Return exactly, please, the line that contains "Imagem colorida da floresta no estilo anime" and every line after it through the end of the material that follows, leaving pictures aside.

- **Information provided**:
● ● ● ●

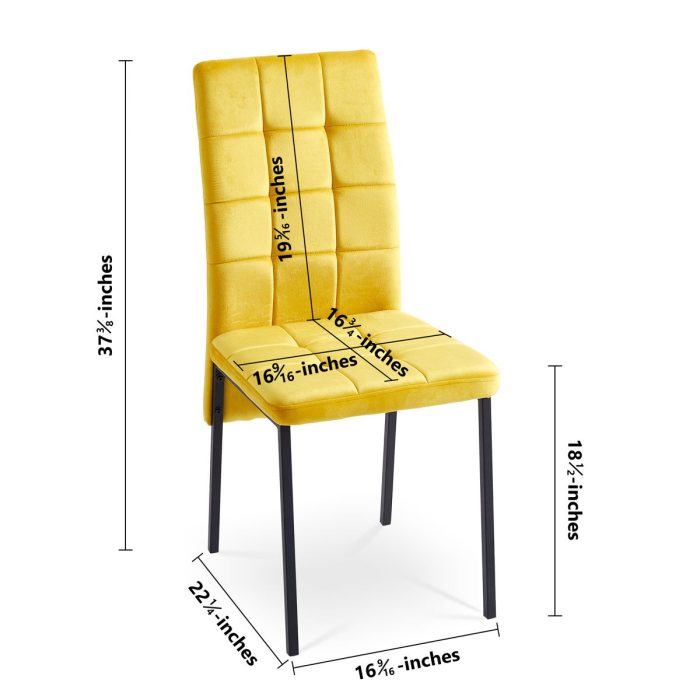 Velvet High Back Nordic Dining Chair Modern Fabric Chair With Black Legs (Set of 2) - Image 6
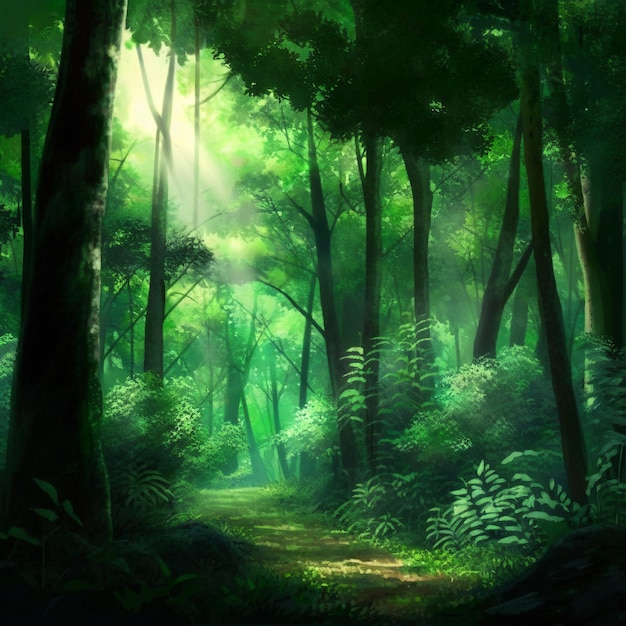 Imagem colorida da floresta no estilo anime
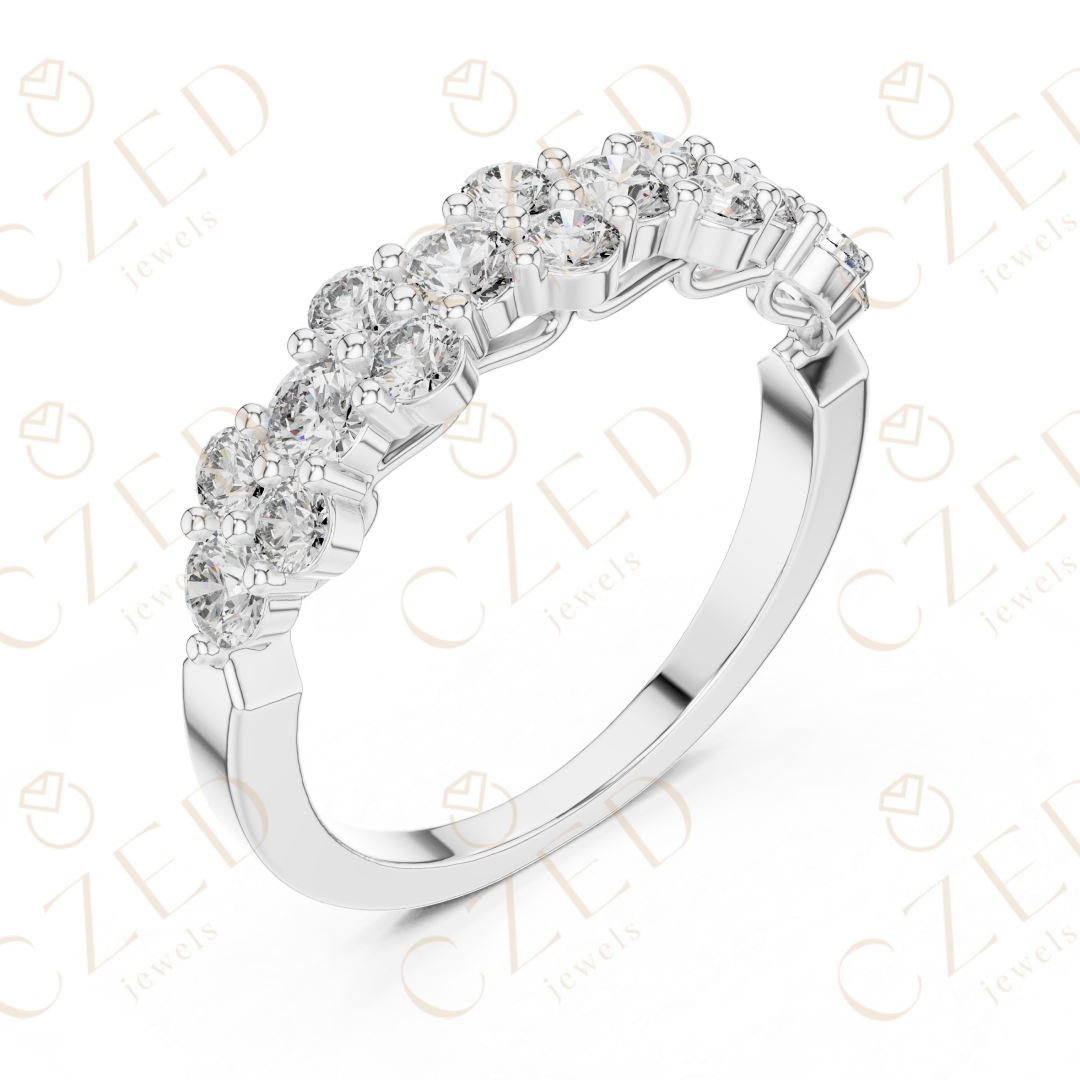 Round Brilliant Diamond Band Ring with Graduated Collet Setting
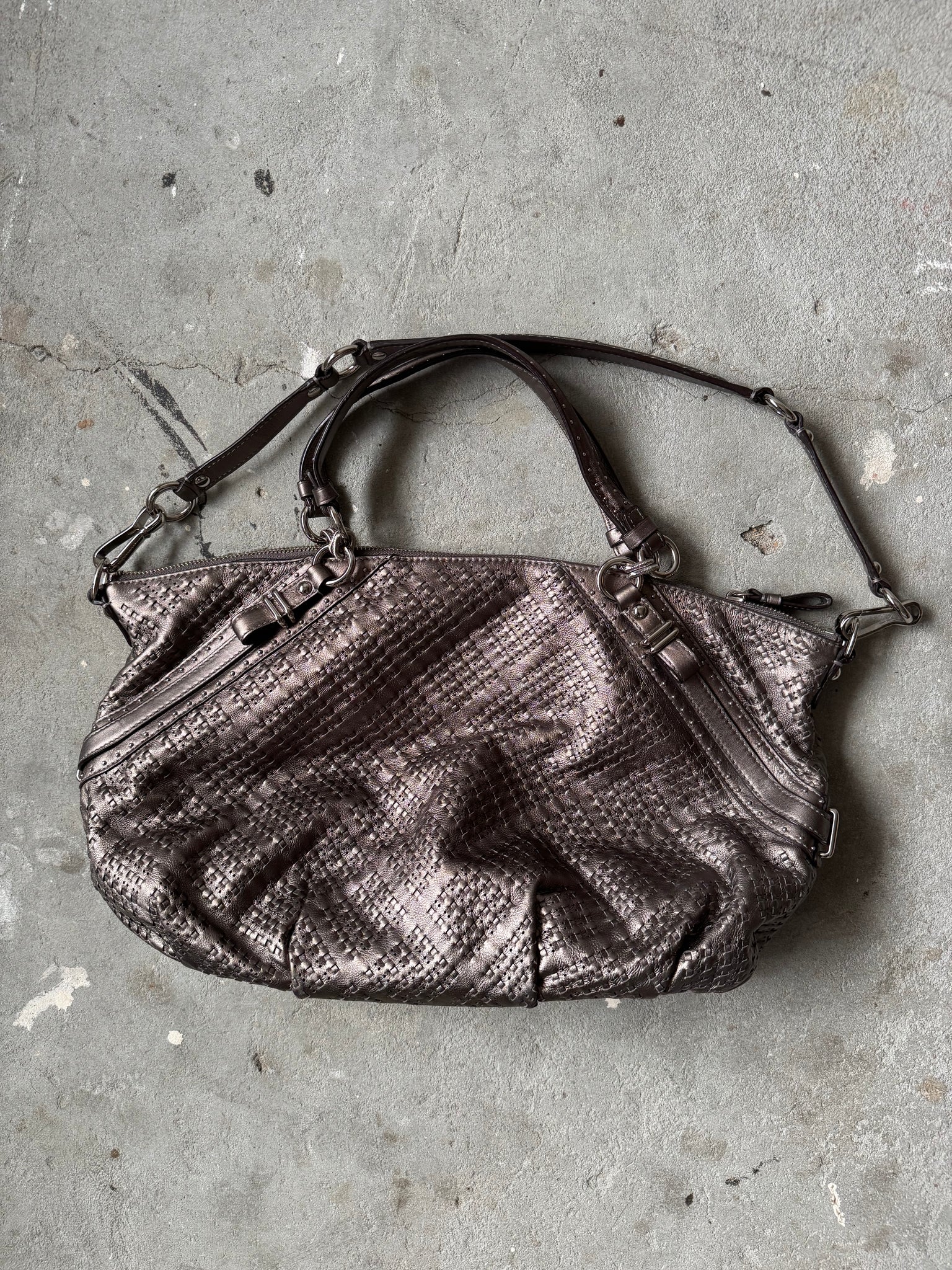 Coach 2Way Braided Shoulder Bag Metallic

● ● ● ●

- **Result of the task**:
 Imagem colorida da floresta no estilo anime
 Round Brilliant Diamond Band Ring with Graduated Collet Setting
 Coach 2Way Braided Shoulder Bag Metallic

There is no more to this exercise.